- LISTED RECORDS -
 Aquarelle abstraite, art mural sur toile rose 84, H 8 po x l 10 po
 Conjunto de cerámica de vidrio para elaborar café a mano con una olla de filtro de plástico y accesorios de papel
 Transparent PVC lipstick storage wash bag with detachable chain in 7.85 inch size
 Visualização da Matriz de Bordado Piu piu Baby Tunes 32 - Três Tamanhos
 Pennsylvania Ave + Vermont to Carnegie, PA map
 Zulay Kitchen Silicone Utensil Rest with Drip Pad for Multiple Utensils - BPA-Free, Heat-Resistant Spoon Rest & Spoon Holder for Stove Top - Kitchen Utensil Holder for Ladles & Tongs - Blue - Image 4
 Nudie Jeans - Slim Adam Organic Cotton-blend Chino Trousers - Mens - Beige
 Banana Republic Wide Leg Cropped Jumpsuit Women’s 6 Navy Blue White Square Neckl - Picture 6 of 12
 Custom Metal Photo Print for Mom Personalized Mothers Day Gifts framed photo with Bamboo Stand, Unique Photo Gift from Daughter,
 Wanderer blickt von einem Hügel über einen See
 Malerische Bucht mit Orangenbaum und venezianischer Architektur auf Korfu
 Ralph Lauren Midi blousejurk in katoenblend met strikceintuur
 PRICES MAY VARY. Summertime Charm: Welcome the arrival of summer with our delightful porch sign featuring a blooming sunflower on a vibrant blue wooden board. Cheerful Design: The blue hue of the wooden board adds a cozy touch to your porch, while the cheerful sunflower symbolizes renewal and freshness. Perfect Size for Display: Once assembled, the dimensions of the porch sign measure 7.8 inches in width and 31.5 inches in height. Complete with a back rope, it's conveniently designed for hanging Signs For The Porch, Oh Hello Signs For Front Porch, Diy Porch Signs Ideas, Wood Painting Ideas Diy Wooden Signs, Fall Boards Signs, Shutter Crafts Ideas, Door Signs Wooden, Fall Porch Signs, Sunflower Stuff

- TASK DESCRIPTION -
Reproduce precisely, and with no line left out, each line from the top of the entries through the line that carries "Ralph Lauren Midi".

- TASK ANSWER -
 Aquarelle abstraite, art mural sur toile rose 84, H 8 po x l 10 po
 Conjunto de cerámica de vidrio para elaborar café a mano con una olla de filtro de plástico y accesorios de papel
 Transparent PVC lipstick storage wash bag with detachable chain in 7.85 inch size
 Visualização da Matriz de Bordado Piu piu Baby Tunes 32 - Três Tamanhos
 Pennsylvania Ave + Vermont to Carnegie, PA map
 Zulay Kitchen Silicone Utensil Rest with Drip Pad for Multiple Utensils - BPA-Free, Heat-Resistant Spoon Rest & Spoon Holder for Stove Top - Kitchen Utensil Holder for Ladles & Tongs - Blue - Image 4
 Nudie Jeans - Slim Adam Organic Cotton-blend Chino Trousers - Mens - Beige
 Banana Republic Wide Leg Cropped Jumpsuit Women’s 6 Navy Blue White Square Neckl - Picture 6 of 12
 Custom Metal Photo Print for Mom Personalized Mothers Day Gifts framed photo with Bamboo Stand, Unique Photo Gift from Daughter,
 Wanderer blickt von einem Hügel über einen See
 Malerische Bucht mit Orangenbaum und venezianischer Architektur auf Korfu
 Ralph Lauren Midi blousejurk in katoenblend met strikceintuur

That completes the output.